A 3’x3′ play area is recommended, but not strictly necessary.
Why would you be interested?
You are looking for a modern game that allows you to play the big “What If?” scenario that has been around the pop culture block a few times. There have been a few miniatures games based around this concept. Zed or Alive, Project Z, All Things Zombie, Twilight Creations Zombies!, are just some initial ones I can mention. They all, more or less, have their own approach and focus for their games that is not fully reflected in similar titles. For example, Zombies! focuses only on players vs zombies, no PVP. Some have fallen to the wayside for various reasons, and are no longer being supported, like Zed or Alive.

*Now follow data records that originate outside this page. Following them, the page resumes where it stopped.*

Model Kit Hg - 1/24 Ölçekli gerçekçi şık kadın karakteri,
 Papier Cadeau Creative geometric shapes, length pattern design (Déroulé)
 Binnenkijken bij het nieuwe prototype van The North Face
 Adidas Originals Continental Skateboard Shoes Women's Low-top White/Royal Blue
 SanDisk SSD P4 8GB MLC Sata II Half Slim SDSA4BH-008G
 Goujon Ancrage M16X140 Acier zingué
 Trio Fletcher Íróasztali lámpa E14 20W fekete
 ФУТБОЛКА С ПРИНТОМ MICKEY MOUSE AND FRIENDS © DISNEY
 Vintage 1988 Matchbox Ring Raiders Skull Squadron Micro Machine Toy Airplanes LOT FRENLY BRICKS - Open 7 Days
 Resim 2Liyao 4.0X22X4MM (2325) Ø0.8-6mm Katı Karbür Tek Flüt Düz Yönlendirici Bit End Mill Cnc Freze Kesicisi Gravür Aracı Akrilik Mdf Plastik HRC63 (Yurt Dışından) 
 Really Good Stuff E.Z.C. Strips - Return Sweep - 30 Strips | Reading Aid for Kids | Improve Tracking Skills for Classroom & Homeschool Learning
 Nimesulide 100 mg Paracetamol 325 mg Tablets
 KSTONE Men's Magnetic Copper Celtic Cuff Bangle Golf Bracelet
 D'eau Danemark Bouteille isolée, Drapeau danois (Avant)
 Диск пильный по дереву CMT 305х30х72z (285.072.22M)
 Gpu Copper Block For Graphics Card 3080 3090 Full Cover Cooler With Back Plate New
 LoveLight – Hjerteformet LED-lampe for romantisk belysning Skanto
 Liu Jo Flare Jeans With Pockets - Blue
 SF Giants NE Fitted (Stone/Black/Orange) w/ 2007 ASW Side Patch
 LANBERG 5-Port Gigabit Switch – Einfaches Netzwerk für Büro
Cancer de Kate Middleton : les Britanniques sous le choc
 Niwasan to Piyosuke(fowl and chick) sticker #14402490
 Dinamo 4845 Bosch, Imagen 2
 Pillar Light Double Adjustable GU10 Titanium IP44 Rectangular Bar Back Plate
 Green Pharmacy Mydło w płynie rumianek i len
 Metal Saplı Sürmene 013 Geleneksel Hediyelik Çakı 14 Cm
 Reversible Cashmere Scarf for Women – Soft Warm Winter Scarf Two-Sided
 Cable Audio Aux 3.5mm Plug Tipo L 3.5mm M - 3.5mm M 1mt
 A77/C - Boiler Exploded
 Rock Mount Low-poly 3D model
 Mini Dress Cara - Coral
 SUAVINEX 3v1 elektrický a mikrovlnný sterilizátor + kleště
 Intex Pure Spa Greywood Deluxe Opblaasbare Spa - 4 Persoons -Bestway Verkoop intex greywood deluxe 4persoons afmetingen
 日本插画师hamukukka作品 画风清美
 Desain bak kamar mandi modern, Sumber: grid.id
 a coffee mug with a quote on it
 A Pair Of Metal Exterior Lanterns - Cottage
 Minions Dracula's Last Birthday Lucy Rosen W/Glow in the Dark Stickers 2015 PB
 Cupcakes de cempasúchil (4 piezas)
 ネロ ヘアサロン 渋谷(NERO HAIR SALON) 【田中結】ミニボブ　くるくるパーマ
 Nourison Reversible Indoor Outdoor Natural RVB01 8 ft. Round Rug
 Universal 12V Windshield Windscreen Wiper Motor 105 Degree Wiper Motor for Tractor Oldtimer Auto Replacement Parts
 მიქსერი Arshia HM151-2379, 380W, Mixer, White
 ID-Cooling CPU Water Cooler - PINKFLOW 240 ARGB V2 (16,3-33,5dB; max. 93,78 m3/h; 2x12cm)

This particular iteration combines the “living vs dead” you normally expect and the “us vs them” warband/gang/roster/army/party/list/whatever you find in most other miniatures games. This is not intended to be the cooperative, kumbaya approach some films would have you believe in. This game is about looking out for “Number 1”, similar to some video games on the market presently.
You create and customize a group of survivors from a recent zombie apocalypse event. They can be ex-military, ne’er do wells, senior citizens with a grudge, whatever you want. You plant this group in a refuge from the world, an HQ, and then send them out to scavenge the modern wasteland. What happens from there is where the game takes place.
As far as mechanics for playing things out on the table, the basic idea is you use d6 for your dice, you roll, and then add a stat to the roll. If you meet or beat a predetermined target number you succeed. Sometimes you have to do some division, but it isn’t too major. If you have any experience with a miniatures game, this kind of action resolution will be pretty familiar. I perceive the system as being simple to understand and absorb; focused on quick resolutions and keeping the flow of the encounter’s story and the flow of the game. All this is with the goal of pushing around whatever miniatures you choose to use to complete the scenario tasks.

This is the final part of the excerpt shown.